As regards the application requirements, the minimum holding requirement would be revisited in such a way that a participation of less than 10% but with an acquisition value of at least EUR 2.5 million would require the additional condition that the participation is recorded as a financial fixed asset for statutory GAAP purposes. This change aims at reserving the DRE–and by extension also the capital gains exemption on shares, which applies broadly the same conditions–for participations where a long-term relationship is established. This is particularly relevant for investors holding short-term equity interests of less than 10% as the new rules may distort their cash repatriation and/or exit strategy. Although the impact of this proposal may be limited, the opposite is true of the proposal that would require investments in so-called “DRD investment companies” to satisfy the minimum holding requirement to be eligible for the DRE and the exemption of capital gains on shares. Such a change would undoubtedly provoke a strong unfavourable reaction from venture capital funds, private equity funds, and investors in general.

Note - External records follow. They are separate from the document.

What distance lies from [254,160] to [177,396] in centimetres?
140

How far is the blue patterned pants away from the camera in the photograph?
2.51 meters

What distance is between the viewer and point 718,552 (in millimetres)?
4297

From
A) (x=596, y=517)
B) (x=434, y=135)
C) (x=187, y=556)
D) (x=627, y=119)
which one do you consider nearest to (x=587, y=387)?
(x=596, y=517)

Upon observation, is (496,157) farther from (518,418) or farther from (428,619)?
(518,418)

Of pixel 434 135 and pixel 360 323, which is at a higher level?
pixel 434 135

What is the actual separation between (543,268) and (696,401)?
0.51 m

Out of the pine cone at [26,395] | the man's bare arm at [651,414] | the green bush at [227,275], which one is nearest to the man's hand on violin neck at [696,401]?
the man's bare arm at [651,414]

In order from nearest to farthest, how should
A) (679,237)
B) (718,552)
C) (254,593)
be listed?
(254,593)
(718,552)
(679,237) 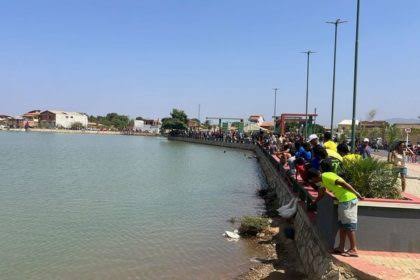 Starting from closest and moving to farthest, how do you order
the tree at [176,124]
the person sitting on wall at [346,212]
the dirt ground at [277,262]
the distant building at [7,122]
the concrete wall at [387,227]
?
the person sitting on wall at [346,212] → the concrete wall at [387,227] → the dirt ground at [277,262] → the tree at [176,124] → the distant building at [7,122]

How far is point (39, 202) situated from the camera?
1864 cm

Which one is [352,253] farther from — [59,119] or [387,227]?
[59,119]

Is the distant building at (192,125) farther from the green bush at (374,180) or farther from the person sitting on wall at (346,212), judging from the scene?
the person sitting on wall at (346,212)

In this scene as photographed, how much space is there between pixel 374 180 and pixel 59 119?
17115 cm

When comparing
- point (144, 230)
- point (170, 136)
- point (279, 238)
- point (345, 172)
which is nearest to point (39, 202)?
point (144, 230)

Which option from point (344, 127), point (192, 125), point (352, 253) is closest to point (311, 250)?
point (352, 253)

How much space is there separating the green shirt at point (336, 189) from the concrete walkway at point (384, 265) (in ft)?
2.93

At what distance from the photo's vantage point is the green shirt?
6988 millimetres

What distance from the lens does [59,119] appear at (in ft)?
554

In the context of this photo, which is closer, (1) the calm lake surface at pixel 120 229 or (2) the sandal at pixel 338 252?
(2) the sandal at pixel 338 252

As regards tax neutral restructurings, the existing fiction of nonrealisation of share exchanges would remain unaffected.

Ruling practice 3.0

Another relevant measure for the deal practice concerns the proposed introduction of several changes to the Law of 24 December 2002 relating to the advance tax ruling system. The changes are mostly aimed at strengthening and deepening the cooperation between the Office for Advance Tax Rulings (the “rulings office”) and the Belgian Tax Administration generally, thereby improving the legal certainty of such rulings. It has occasionally been the case that advance rulings have been challenged–and even ignored–by the Special Tax Inspectorate, undermining the legal certainty of the rulings. In this regard, the current proposals would fully integrate the existing rulings office into the Tax Administration without prejudice to its independent decision-making position.

Tax deductibility of costs relating to the holding of shares

A final though important observation for the M&A industry comes from the rumour that did not make it to the proposal, i.e., the nondeductibility of costs relating to the acquisition, financing, and holding of shares. This measure was identified as significantly damaging to Belgium’s attractiveness as an investor location and is no longer retained in the pre-draft law.